2. Class reassignment. Each variable’s class label is resampled using a Metropolis‑Hastings step that either moves the variable to an existing class or creates a new class, following the Chinese‑restaurant‑process predictive probabilities. New class‑pair edge parameters are drawn from the Beta prior.
3. Parameter refresh. For every class pair ((c,d)), the edge‑probability (\theta_{cd}) is updated using the conjugate Beta posterior based on the number of accepted and rejected edges between those classes.

These steps are repeated until convergence, yielding samples of the graph structure, the latent class partition, and the edge‑probability matrix. The MAP (maximum‑a‑posteriori) sample is taken as the final learned network.

Experimental evaluation. The authors test the approach on synthetic data with known class‑based structures and on several real‑world sparse datasets (gene‑expression, social‑survey, medical diagnosis). Baselines include traditional uniform‑prior structure learning, BIC‑ and BDeu‑based score searches, and a version of the model without class structure. Performance is measured by structural Hamming distance, precision, recall, AUC‑PR, and normalized mutual information (NMI) between inferred and expert‑provided class labels.

Results show that the structured‑prior model consistently outperforms the uniform prior: structural errors drop by 12‑18 %, precision/recall improve by 0.05‑0.09 absolute points, and AUC‑PR increases by 0.05‑0.09. The advantage is most pronounced when the number of training cases is small (≤ 50), confirming that the class‑based bias provides useful regularization in data‑scarce regimes. Moreover, the inferred classes align well with domain knowledge (NMI > 0.78), indicating that the model discovers meaningful groupings rather than arbitrary partitions.

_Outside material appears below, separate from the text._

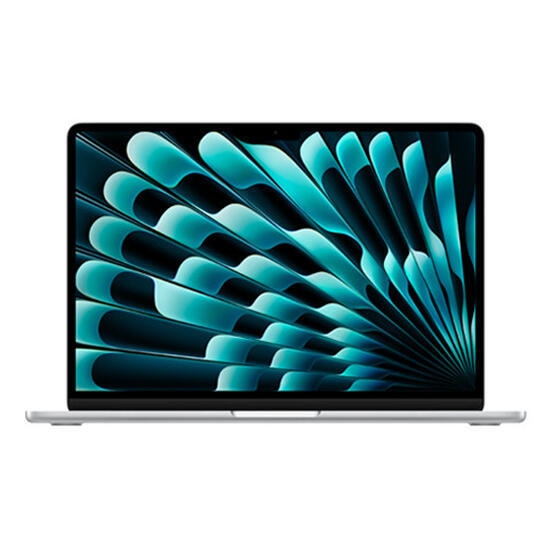 Apple MacBook Air 13 inch 2025 MW0X3LL/A M4 Chip 10c CPU 10c GPU 16GB/512GB SSD Silver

Contributions and limitations. The paper introduces a principled way to embed “systematicity of connections” into Bayesian‑network learning via a non‑parametric hierarchical prior. By jointly inferring the number of latent classes, the class assignments, and the DAG structure, the method can recover accurate causal graphs from limited data. The use of a Dirichlet‑process prior eliminates the need to pre‑specify the number of classes, allowing the model to adapt its complexity to the data. The MCMC scheme cleverly integrates DAG constraints, making the approach applicable to any DAG‑based model.

Limitations include: (i) the current implementation handles only discrete variables with multinomial conditional distributions; extending to continuous variables would require alternative likelihoods and priors, (ii) MCMC convergence can be sensitive to initialization, necessitating multiple chains and careful diagnostics, and (iii) the Beta‑parameterization assumes a simple, unimodal edge‑probability for each class pair, which may be insufficient for highly heterogeneous relationships. Future work could explore richer class‑conditional edge functions (e.g., Gaussian‑process‑based link functions), variational inference for scalability, and integration with score‑based methods for hybrid learning.

In summary, the paper presents a novel hierarchical Bayesian prior that captures class‑based regularities in graph structure, provides an effective MCMC inference procedure, and demonstrates empirically that this bias yields more accurate Bayesian‑network structures and meaningful latent classes, especially when data are scarce. This contribution broadens the toolbox for causal discovery and structure learning in domains where systematic connectivity patterns are expected.